Re: Supporting iterations in Apex

Posted by Pramod Immaneni <pr...@datatorrent.com>.
This is a good idea. One thing I can think of is you could save the tuples
on the side of the operator that is the loop originator (downstream
operator) itself for the [checkpoint-iteration..checkpoint] windows because
they are going to be in persistence storage like HDFS and can be accessed
by the loop destination (upstream operator) during recovery. The advantage
of this is you don't have to do a special save on the destination side but
rather piggyback on the HDFS save features of the bufferserver itself.

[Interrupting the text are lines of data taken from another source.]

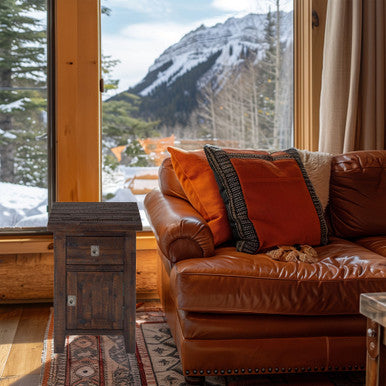 Lagoon Rustic Solid Acacia Chairside End Table with Storage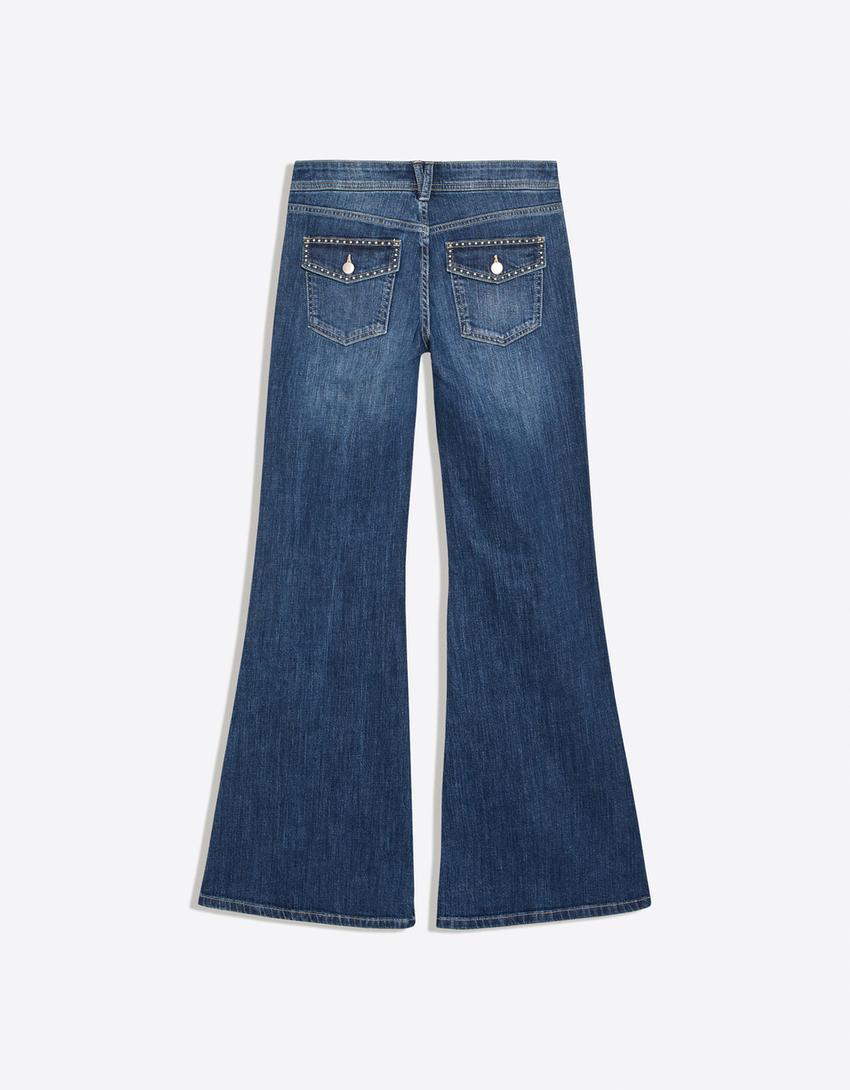 Jeans flare tiro bajo bordado-Azul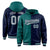 Custom Aqua Navy Split Fashion Varsity Full-Snap Letterman Two Tone Hoodie Jacket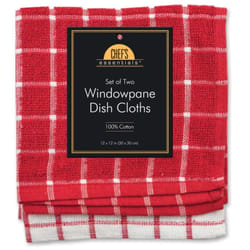 Kane Home Red/White Cotton Windowpane Dish Towel Set 2 pk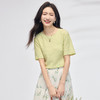 【专属特价】熙世界欧若风圆领正肩T恤女短袖2025夏日新款独特别致肌理感上衣 商品缩略图4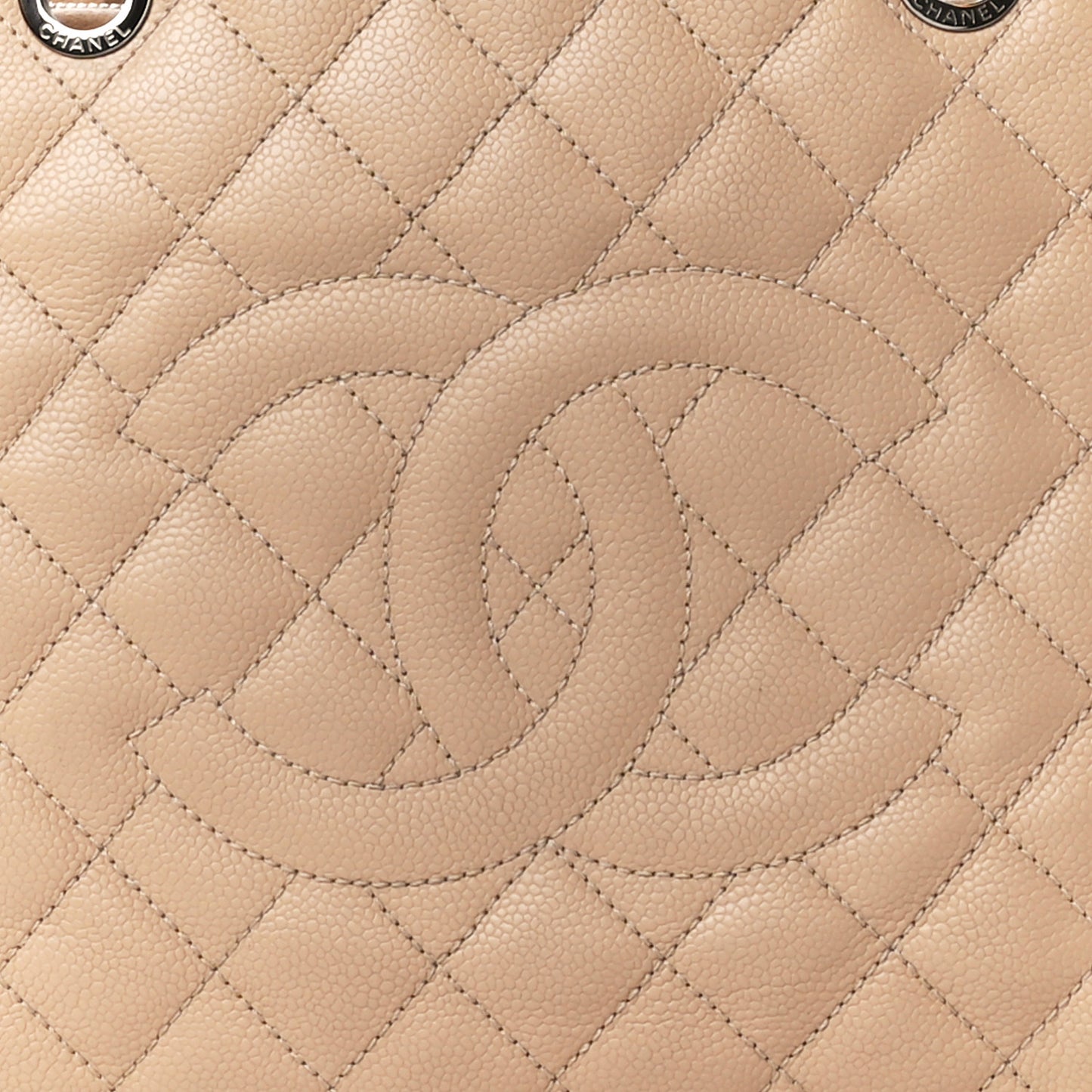 Caviar Quilted Grand Shopping Tote GST Beige Clair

On Wed, Sep 16, 2015 at 1:44 PM, David Yan <da...@datatorrent.com> wrote:

> Hi all,
>
> One current disadvantage of Apex is the inability to do iterations and
> machine learning algorithms because we don't allow loops in the application
> DAG (hence the name DAG).  I am proposing that we allow loops in the DAG if
> the loop advances the window ID by a configured amount.  A JIRA ticket has
> been created:
>
> https://malhar.atlassian.net/browse/APEX-60
>
> I have started this work in my fork at
> https://github.com/davidyan74/incubator-apex-core/tree/APEX-60.
>
> The current progress is that a simple test case works.  Major work still
> needs to be done with respect to recovery and partitioning.
>
> The value ITERATION_WINDOW_COUNT is an attribute to an input port of an
> operator.  If the value of the attribute is greater than or equal to 1, any
> tuples sent to the input port are treated to be ITERATION_WINDOW_COUNT
> windows ahead of what they are.
>
> For recovery, we will need to checkpoint all the tuples between ports with
> the to replay the looped tuples.  During the recovery, if the operator has
> an input port, with ITERATION_WINDOW_COUNT=2, is recovering from checkpoint
> window 14, the tuples for that input port from window 13 and window 14 need
> to be replayed to be treated as window 15 and window 16 respectively (13+2
> and 14+2).
>
> In other words, we need to store all the tuples from window with ID
> committedWindowId minus ITERATION_WINDOW_COUNT for recovery and purge the
> tuples earlier than that window.
> We can optimize this by only storing the tuples for ITERATION_WINDOW_COUNT
> windows prior to any checkpoint.
>
> For that, we need a storage mechanism for the tuples.  Chandni already has
> something that fits this usage case in Apex Malhar.  The class is
> IdempotentStorageManager.  In order for this to be used in Apex core, we
> need to deprecate the class in Apex Malhar and move it to Apex Core.
>
> A JIRA ticket has been created for this particular work:
>
> https://malhar.atlassian.net/browse/APEX-128
>
> Some of the above has been discussed among Thomas, Chetan, Chandni, and
> myself.
>
> For partitioning, we have not started any discussion or brainstorming.  We
> appreciate any feedback on this and any other aspect related to supporting
> iterations in general.
>
> Thanks!
>
> David
>

Re: Supporting iterations in Apex

Posted by Chetan Narsude <ch...@datatorrent.com>.
that's what i thought. +1 for this approach.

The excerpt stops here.